:: DATASET EXCERPT ::
------------------------------------------------------------
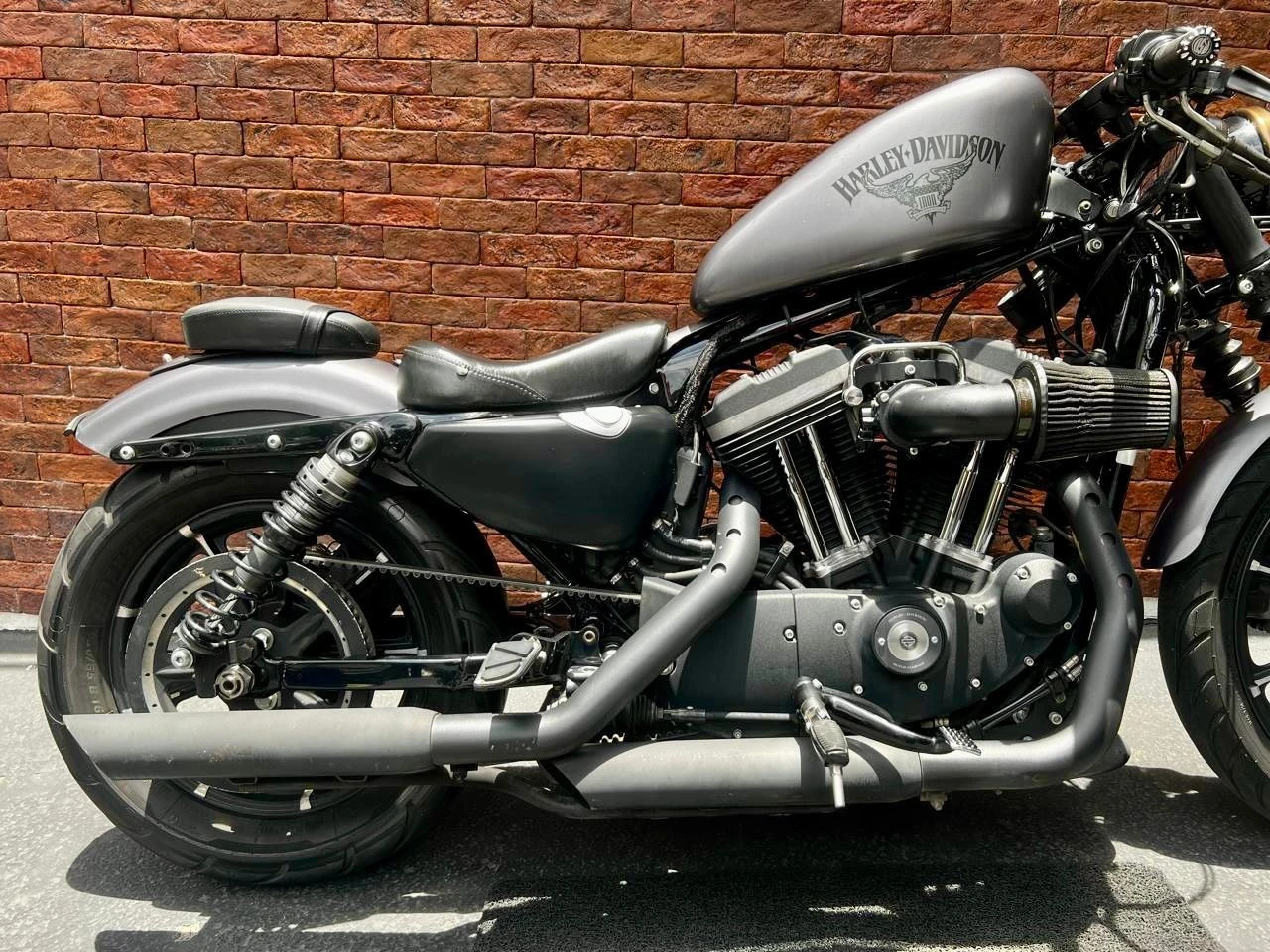 HARLEY-DAVIDSON SPORTSTER XL 883 N IRON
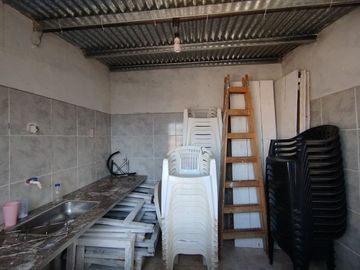 Venta de Local Salón en Mariano Acosta c parrilla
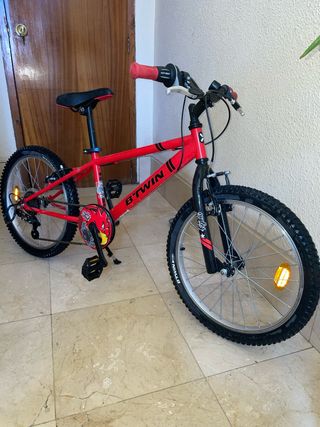 Bicicleta Infantil BTWIN 20" roja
------------------------------------------------------------
:: WORK TASK ::
Write the lines above out again exactly, excluding every picture.

:: ANSWER TO THE PROBLEM ::
 HARLEY-DAVIDSON SPORTSTER XL 883 N IRON
 Venta de Local Salón en Mariano Acosta c parrilla
 Bicicleta Infantil BTWIN 20" roja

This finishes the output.